[Start of section]
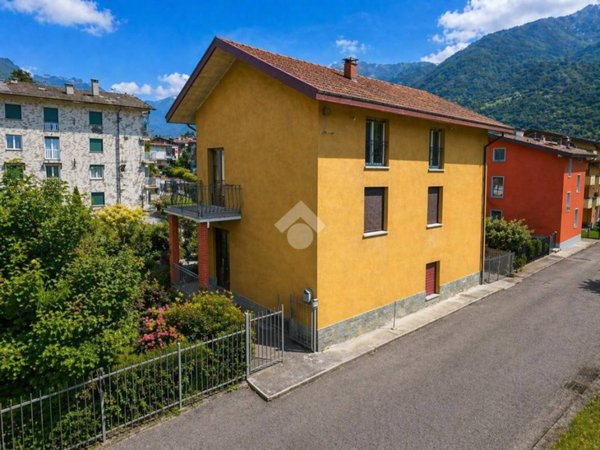casa indipendente in vendita a Sondrio in zona Centro Città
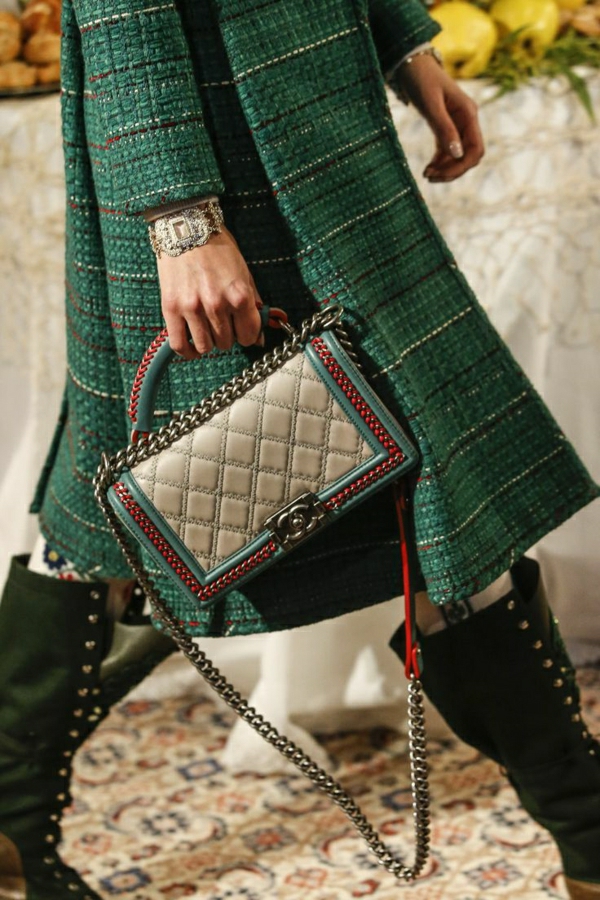 grüner-Mantel-aus-Wolle-bunte-Chanel-Tasche-Stiefel
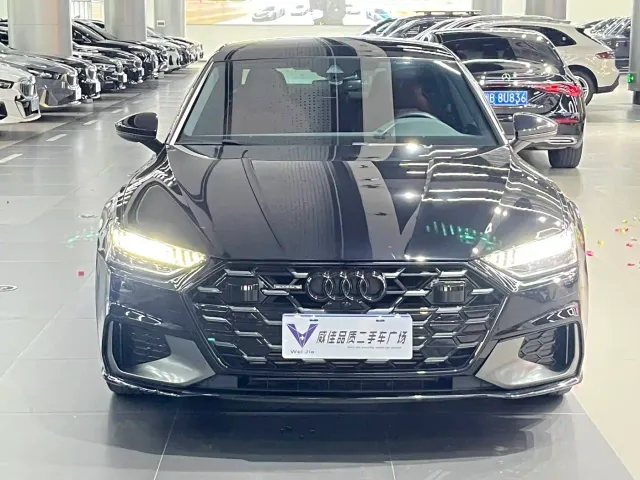 Audi A7L — Фото автомобиля 2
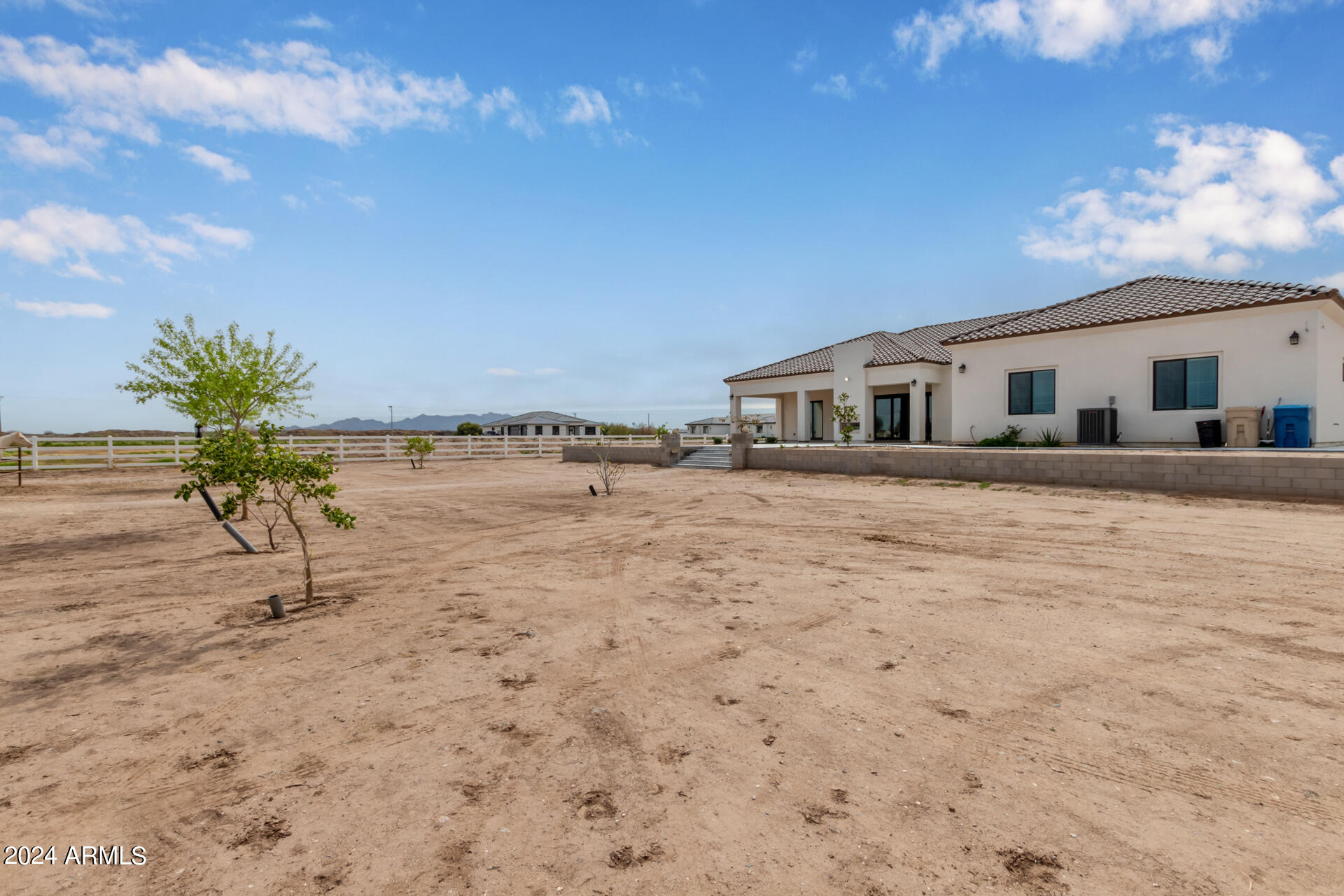 22716 W LA MIRADA Drive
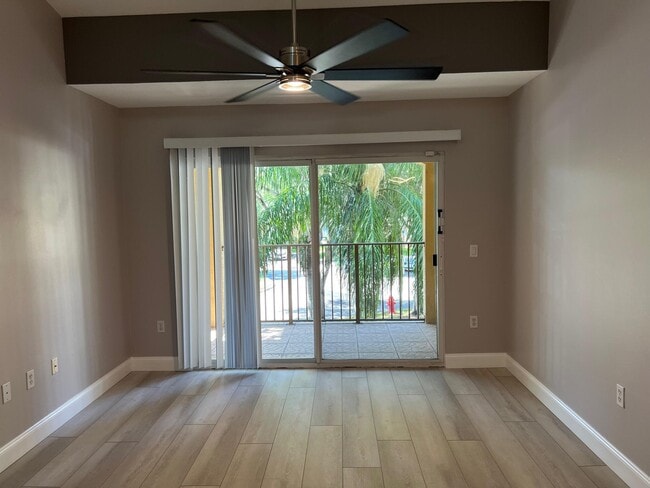 Building Photo - 4220 San Marino Blvd
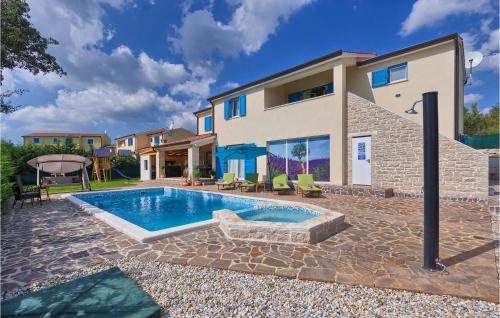 Cozy Home In Naselje Muzini With Sauna — 5-Star Luxury Hotel in Zminj, Croatia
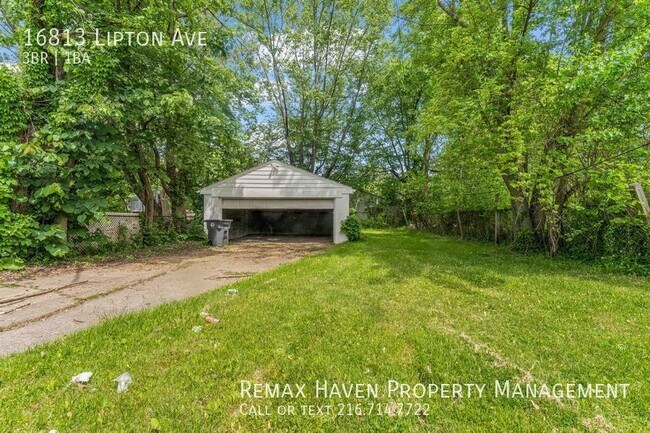 Building Photo - 16813 Lipton Ave, Cleveland - Charming 3 B...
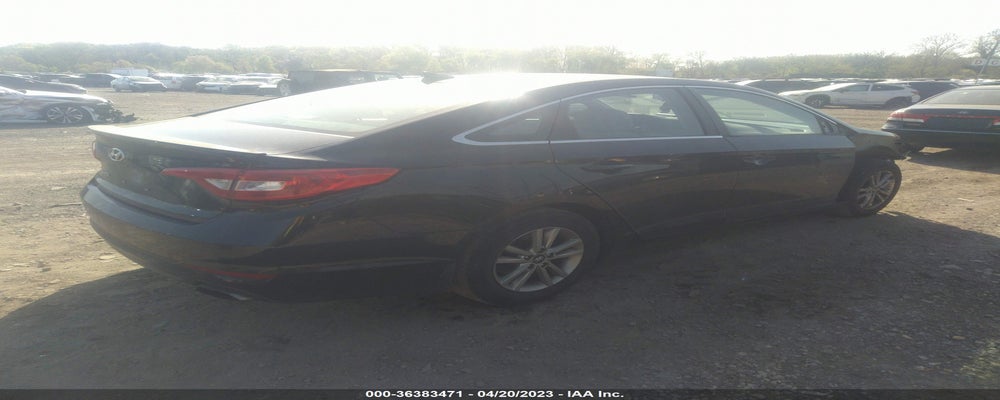 5NPE24AF5FH138011 2015 HYUNDAI SONATA photo no. 4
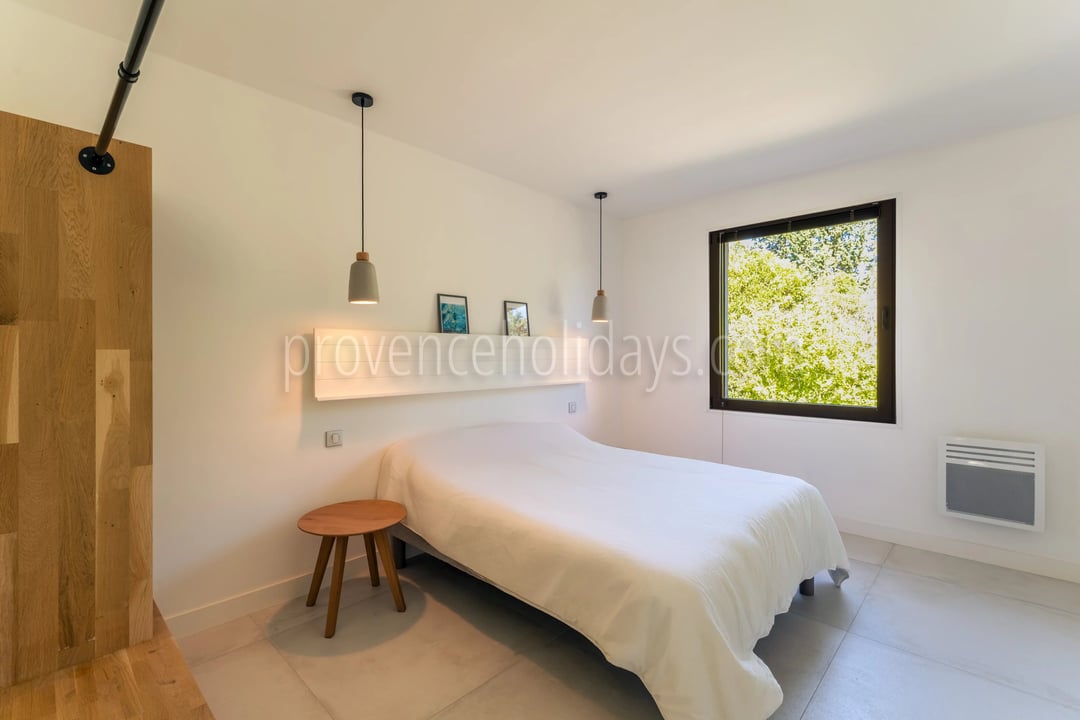 13 - Single-storey villa in Eygalières: Villa: Bedroom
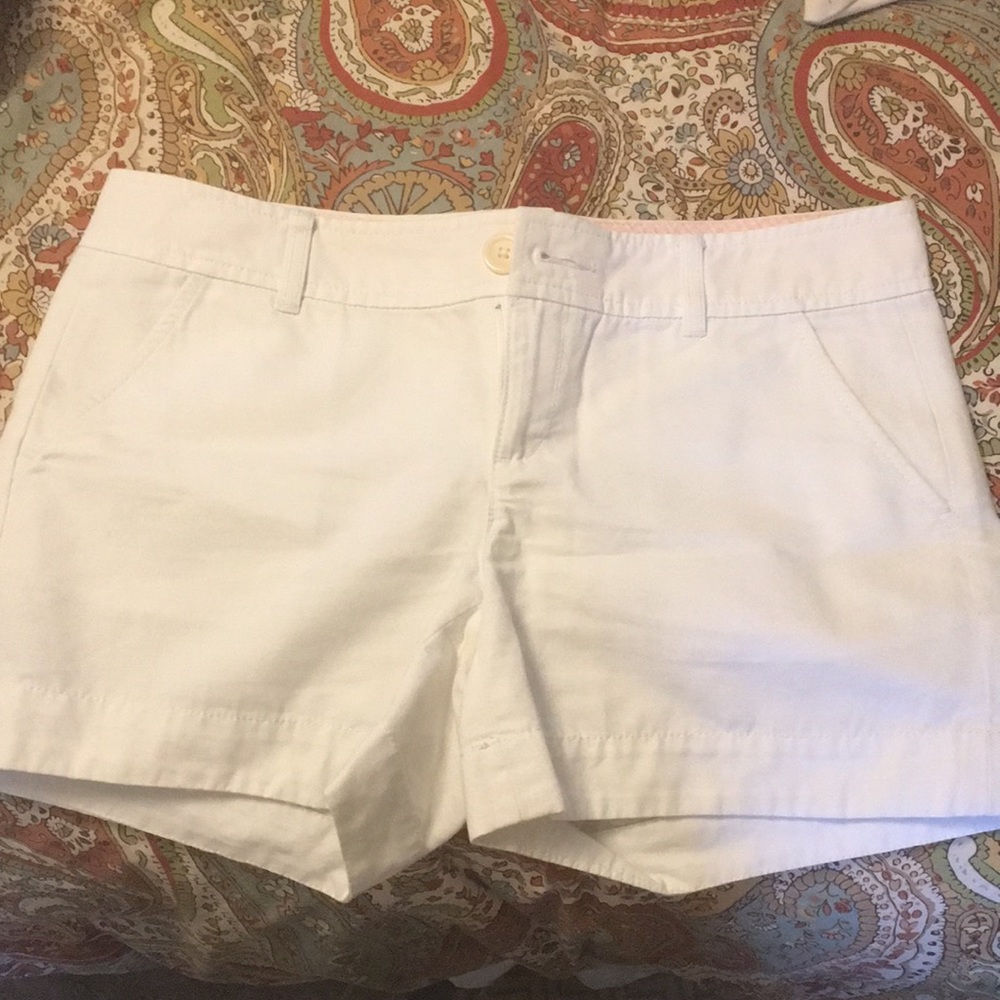 Lilly Pulitzer Shorts - Size 8 - White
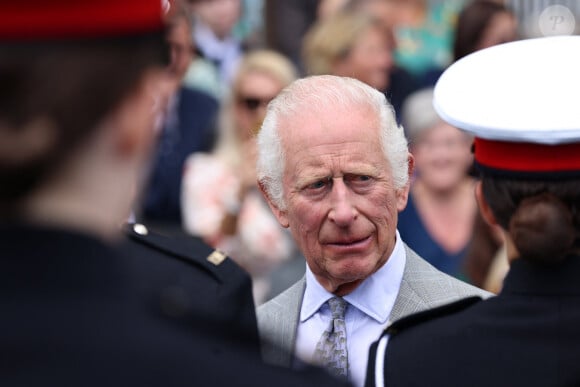 Le roi Charles III (Le roi Charles III d'Angleterre) et la reine Camilla (Camilla Parker Bowles, reine consort d'Angleterre) regardent le défilé du roi lors d'une visite officielle à Jersey le 15 juillet 2024 à St Helier, Jersey. Le défilé comprend la musique de l'île de Jersey, l'escadron de campagne de Jersey, les anciens combattants, les services d'urgence, les unités de cadets, les scouts et les guides. © Ian Vogler/MirrorPix/Bestimage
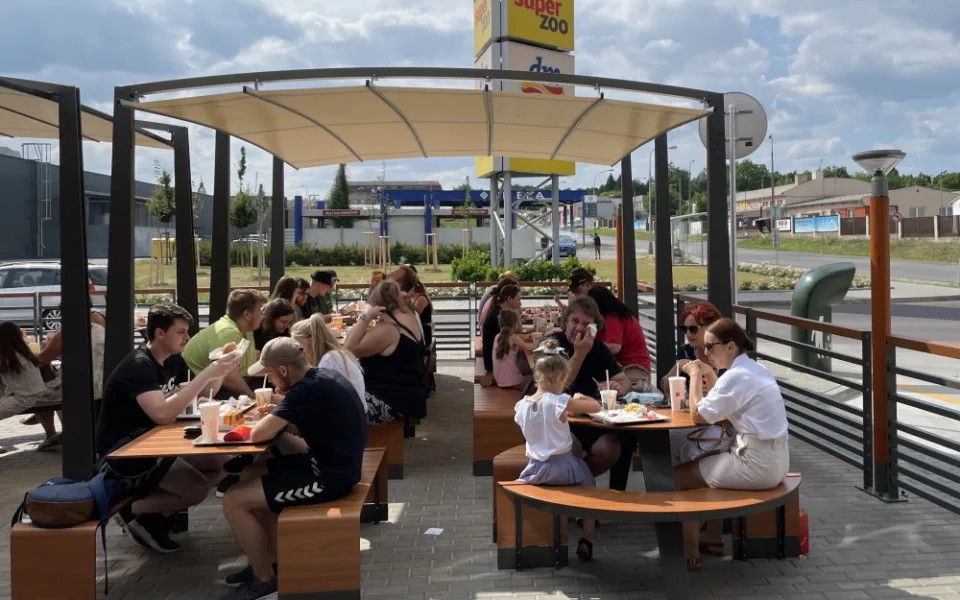 Znojmo zachvátila fastfoodová horečka. Ve městě otevřel první McDonald's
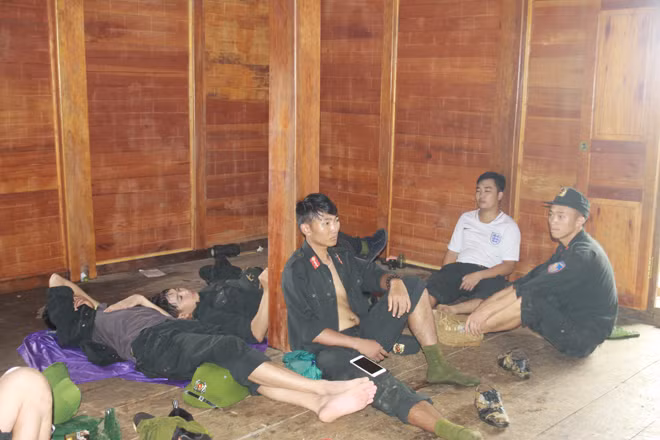Gần 300 CBCS Công an Lai Châu đã xuống địa bàn giúp dân.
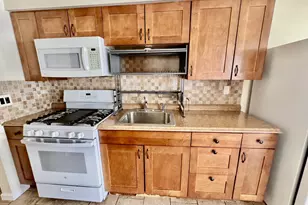 7 Colonial Rd, Beacon, NY 12508 - Photo 6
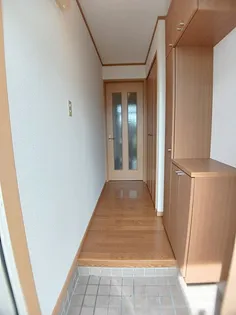 PLEASURE【1階】の玄関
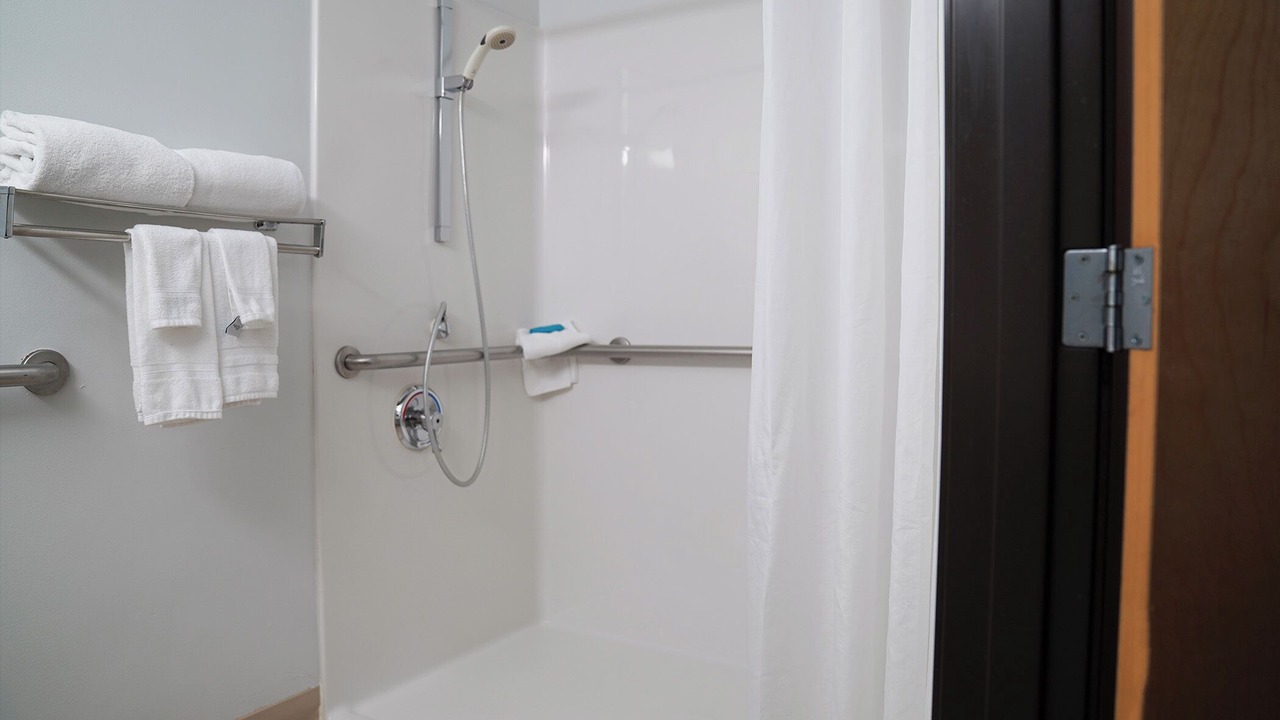 Photo of Bathroom in Cliff - Cannon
[End of section]
WORK TO BE COMPLETED:
Give the data again exactly as written, with all pictures left out.

ANSWER BOX:
casa indipendente in vendita a Sondrio in zona Centro Città
 grüner-Mantel-aus-Wolle-bunte-Chanel-Tasche-Stiefel
 Audi A7L — Фото автомобиля 2
 22716 W LA MIRADA Drive
 Building Photo - 4220 San Marino Blvd
 Cozy Home In Naselje Muzini With Sauna — 5-Star Luxury Hotel in Zminj, Croatia
 Building Photo - 16813 Lipton Ave, Cleveland - Charming 3 B...
 5NPE24AF5FH138011 2015 HYUNDAI SONATA photo no. 4
 13 - Single-storey villa in Eygalières: Villa: Bedroom
 Lilly Pulitzer Shorts - Size 8 - White
 Le roi Charles III (Le roi Charles III d'Angleterre) et la reine Camilla (Camilla Parker Bowles, reine consort d'Angleterre) regardent le défilé du roi lors d'une visite officielle à Jersey le 15 juillet 2024 à St Helier, Jersey. Le défilé comprend la musique de l'île de Jersey, l'escadron de campagne de Jersey, les anciens combattants, les services d'urgence, les unités de cadets, les scouts et les guides. © Ian Vogler/MirrorPix/Bestimage
 Znojmo zachvátila fastfoodová horečka. Ve městě otevřel první McDonald's
Gần 300 CBCS Công an Lai Châu đã xuống địa bàn giúp dân.
 7 Colonial Rd, Beacon, NY 12508 - Photo 6
 PLEASURE【1階】の玄関
 Photo of Bathroom in Cliff - Cannon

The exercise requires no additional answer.